The solution could also involve systems that can perform visual inspections, using AI to determine whether maintenance is needed, the analyst added.

“It'’ a combination of technologies that have really been around for a while, but now, because we have this new compute layer with artificial intelligence, we can start doing more of what we already have,” Gonzalez said.

How IoT Vendors Are Using GenAI And Agentic AI

While AI development is helping drive demand for IoT solutions, vendors are also introducing generative AI and agentic AI capabilities into these offerings to improve the way information is accessed and automate various processes.

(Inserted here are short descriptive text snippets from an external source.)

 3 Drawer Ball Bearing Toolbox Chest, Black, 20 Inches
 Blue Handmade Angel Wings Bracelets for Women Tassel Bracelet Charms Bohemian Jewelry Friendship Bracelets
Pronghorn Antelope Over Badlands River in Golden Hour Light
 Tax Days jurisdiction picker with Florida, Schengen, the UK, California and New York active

For generative AI, this is showing up in IoT as a “natural language integration between the operator and the data,” letting users more quickly get insight, query dashboards and fetch information such as maintenance procedures, according to Gonzalez.

“Instead of having to have an operator go search and hunt down for a particular maintenance manual, well, they can just use a GenAI query within a platform and find what’s needed,” he said.

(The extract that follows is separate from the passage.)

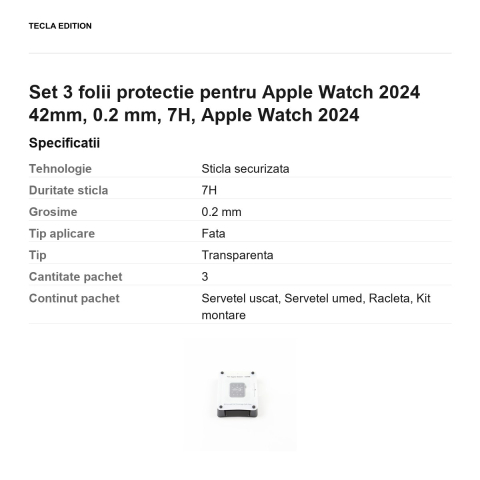 Set 3 folii protectie pentru Apple Watch 42mm 2024, 0.2 mm, 7H, Apple Watch 2024 [2]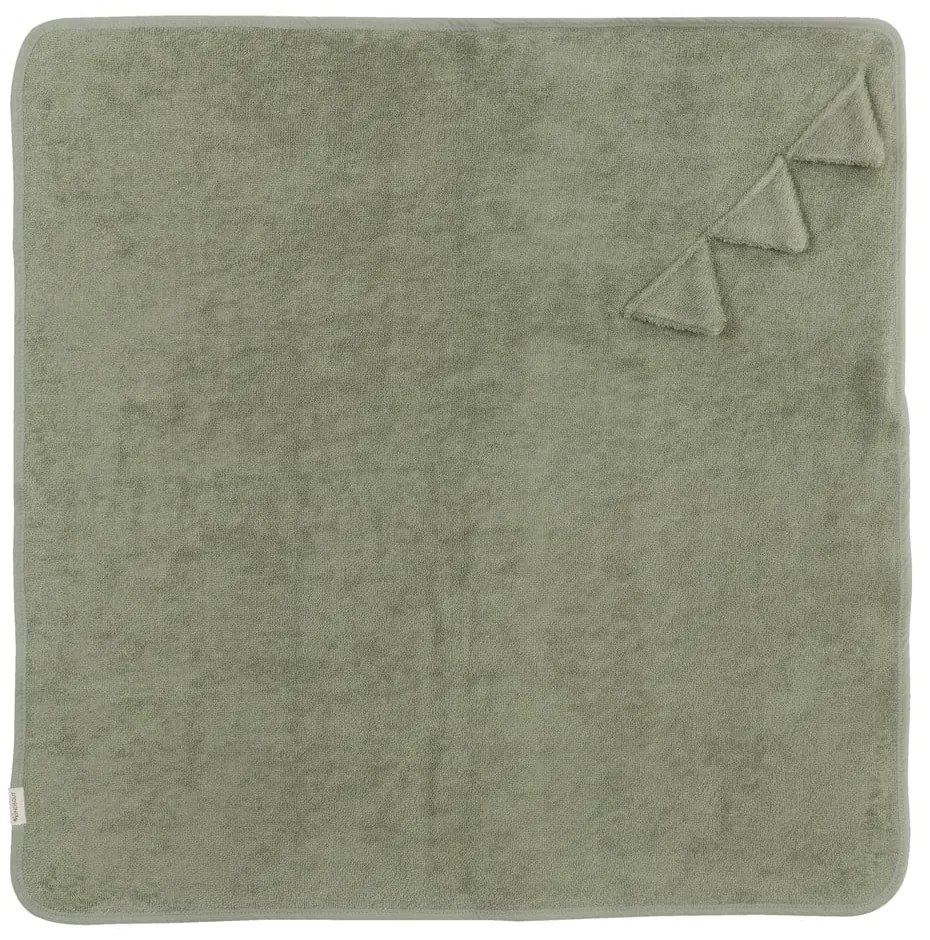 Asciugamano per neonato in cotone verde con cappuccio 75x75 cm Dinosaur - Kindsgut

Agentic AI, on the other hand, represents “what a lot of IoT platforms are driving right now and really pushing to their customers,” said Gonzalez.

For instance, he pointed to industrial IoT vendors like Honeywell, Siemens and Aveva, which are all using AI agents to connect data points and run other types of processes autonomously.

“It’s about facilitating autonomous operations, providing recommended actions and analyzing the data on its own,” he said.

While Gonzalez said vendors are “seeing success” with such features, adoption has been very limited so far because customers need to have a “good data strategy” in order to take advantage of agentic AI for “this sort of autonomous level of operations.”

“They want to push this offering. Whether or not end users are ready for it is the question,” he said.

But even if agentic AI features gain more traction in the IoT market, Gonzalez does not expect such things to ever enable 100 percent autonomy.

“No agentic AI is completely operating on its own, and I don’t believe that, in my optimistic view of the human race, we will ever get to that level because at the end of the day, you still want to trust the human operator to make the final decision,” he said.